Nostalgic Analysis in the Study of Same-Sex Relationships

Silhouettes of Charity and Sylvia facing each other

John Addington Symonds writes both sexologically and nostalgically in A Problem in Greek Ethics and his Memoirs. He approaches same-sex desire from an analytical angle while also inviting readers to luxuriate with him in an appreciation of antiquity. By way of these seemingly oppositional techniques, he engages with same-sex relationships in a way that both explicates their historical receptions and enjoys their romances. This approach persists in the 21st century, with scholars including Nancy F. Cott and Rachel Hope Cleves favoring Symonds’ techniques in their contemporary explorations of same-sex desire.

Symonds begins this work in A Problem in Greek Ethics, in which he speaks of the acceptability of same-sex desire in Ancient Greece: “the tale of Achilles and Patroclus sanctioned among the Greeks a form of masculine love.”1 He arrives at this point through the analysis of “the paragons of heroic virtue”2 relied upon by Homer and other famous Greeks, and Symonds remarks, too, that

in Greek history boy-love, as a form sensual passion, became a national institution.3

He thus roots his work in formal, sexological scholarship as a necessary basis for his desire for this Greek past.

His Memoirs, then, editorialize his scholarship by providing relevant information about his identity and illustrating a yearning for space in which to express his desires, and he refers back to the concept of masculine love in discussing his sexuality:

I am more masculine than many men I know who adore women. I have no feminine feelings for the males who rouse my desires.4

Although he understands that his desires remain fixed in masculinity, he must confront theories from his contemporaries that founded same-sex relationships in “effeminate desire”5 and “the theory of a female soul.”6 By quickly negating these possibilities in his life with the declaration that these hypotheses are simply not true, he alludes to his study of the acceptance of masculine love and sensual passion between men in Ancient Greece. This brief intimation of a longing for a past time maintains Symonds’ characteristic analytical arc, though, for he is careful to base even claims about his personal life in the strict analysis of memories, letters, and thoughts.

Nancy F. Cott in Public Vows: A History of Marriage and the Nation, a seminal text in the Obergefell v. Hodges civil rights case in 2015, historicizes same-sex relationships in the United States in a manner much like Symonds in A Problem in Greek Ethics. She claims in this work that

marital behavior always varies more than the law predicts7

and that this habitual deviance creates space within the institution of marriage for more forms of marriage than only a religious, heterosexual one. The actual work, like A Problem in Greek Ethics, does not largely engage with the present but rather seeks to elucidate the existence of covert or deviant relationships in the past. The work’s use in the Ogerbefell v. Hodges case, then, fills the role of the Memoirs in that it is applied historically and analytically to the permissibility of same-sex relationships.

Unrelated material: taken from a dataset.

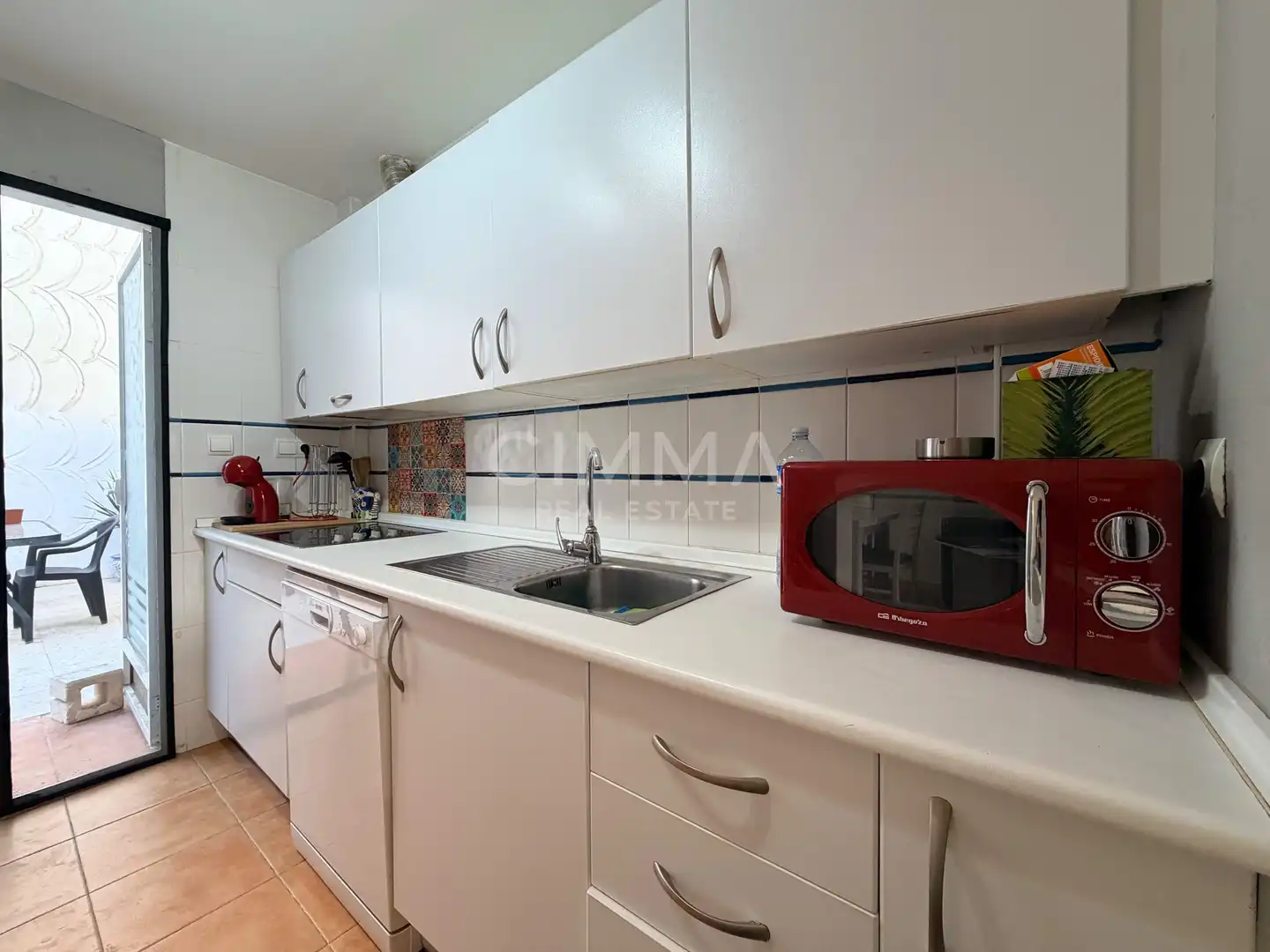 Cocina de Casa o chalet en venta en La Nucia con Jardín privado, Terraza y Trastero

Likewise, Rachel Hope Cleves resembles Symonds’ Memoirs in Charity and Sylvia: A Same-Sex Marriage in Early America. The novel is largely structured around analysis of the correspondence between the two women in the early nineteenth century, and it is from this critical work that Cleves begins to dramatize the romantic relationship and illustrate the existence of same-sex marriage even before its legalization. This work, like Cott’s, yearns for the integration of same-sex relationships into legal doctrine and realms of social acceptability – the same social acceptability that Symonds, too, desired.

Sheldon Museum. Charity Bryant and Sylvia Drake, Middlebury Vermont

The seemingly opposing approaches – analytical and nostalgic – come together to emphasize the intrinsic emotion regarding the study of love. Symonds’ work, though itself directed at a time long before his own, continues to be reflected formally in work surrounding same-sex desire in the 21st century.

1. Ellis, Havelock, and John Addington Symonds. Sexual Inversion. (Wilson and MacMillan, 1897), 168.
2. Ibid., 168.
3. Ibid., 169.
4. John Addington Symonds, and Amber K. Regis, ed., The Memoirs of John Addington Symonds: a Critical Edition, (London: Palgrave Macmillan, 2016), 103.
5. Ibid., 103.
6. Ibid., 103.
7. Cott, Nancy F., Public Vows: A History of Marriage and the Nation. (Harvard University Press, 2002), 8.